In November last year, the NSW government announced that two relatively new sports stadiums in Sydney – Allianz Stadium and ANZ Stadium – would be demolished and rebuilt. This decision received a mixed – but largely negative – reaction from both the public and institutions such as the Australian Institute of Architects (AIA).
Former Victorian premier Jeff Kennett has now joined the conversation, putting the blame on Bob Carr, who served as premier of NSW between 1995 and 2005.
"When we started this process of attracting major events in the 1990s, your premier at the time said, 'No, this is inappropriate, NSW is not going to chase these sorts of events'," Kennett told The Sydney Morning Herald this week. "That was Bob Carr. They lost 10 to 15 years before they started to realise the importance of major events.
"Major events add confidence to the community. When we started this in 1992, our state was run down. We quickly rebuilt the confidence of Victorians in their own state. There is none of that in NSW. You lost 15 years because the government at the time thought it was 'inappropriate'.
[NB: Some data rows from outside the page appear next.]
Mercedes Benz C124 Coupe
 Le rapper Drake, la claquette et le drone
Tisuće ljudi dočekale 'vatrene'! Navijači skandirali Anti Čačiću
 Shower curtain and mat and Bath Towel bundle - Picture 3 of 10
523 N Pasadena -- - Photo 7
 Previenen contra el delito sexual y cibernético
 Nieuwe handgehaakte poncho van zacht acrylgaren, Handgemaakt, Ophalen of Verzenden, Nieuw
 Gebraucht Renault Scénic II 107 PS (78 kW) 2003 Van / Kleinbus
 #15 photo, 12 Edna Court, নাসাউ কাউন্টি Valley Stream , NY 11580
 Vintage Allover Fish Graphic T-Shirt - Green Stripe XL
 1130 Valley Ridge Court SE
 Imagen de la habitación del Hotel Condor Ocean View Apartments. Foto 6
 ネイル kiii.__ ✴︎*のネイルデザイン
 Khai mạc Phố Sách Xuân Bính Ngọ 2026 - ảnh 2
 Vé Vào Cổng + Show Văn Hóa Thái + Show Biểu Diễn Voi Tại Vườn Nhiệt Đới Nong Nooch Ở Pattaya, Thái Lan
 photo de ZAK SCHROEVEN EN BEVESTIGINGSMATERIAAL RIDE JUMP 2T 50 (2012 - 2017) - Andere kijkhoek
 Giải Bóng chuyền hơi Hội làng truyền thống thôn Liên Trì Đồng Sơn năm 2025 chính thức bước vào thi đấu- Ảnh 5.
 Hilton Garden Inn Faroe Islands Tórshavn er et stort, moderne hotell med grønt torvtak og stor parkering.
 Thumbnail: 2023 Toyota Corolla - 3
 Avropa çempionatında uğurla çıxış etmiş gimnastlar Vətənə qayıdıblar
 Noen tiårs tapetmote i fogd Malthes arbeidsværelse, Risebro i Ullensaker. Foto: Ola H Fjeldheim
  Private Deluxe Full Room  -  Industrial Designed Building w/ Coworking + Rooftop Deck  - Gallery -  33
"What [NSW premier] Gladys [Berejiklian] is doing now is belated recognition that if NSW is going to be part of this not just national but international world of events, they're going to have to upgrade their facilities. It costs money. I understand the premier is coming under a fair bit of flak, but no state is just about education; it's not just about health. You judge a state on its complexity and totality: sport is very much part of that."
The COX Architecture-designed, 40,000-seat Allianz Stadium at Moore Park was built in 1988. Under current plans, it will be replaced with a $705-million, 45,000-seat venue. On the other hand, the 85,000-seat ANZ Stadium at Sydney Olympic Park – designed by Populous and Bligh Lobb Sports Architecture in 1999 – is set to be replaced with a $1.25-billion, 75,00-seat rectangular stadium.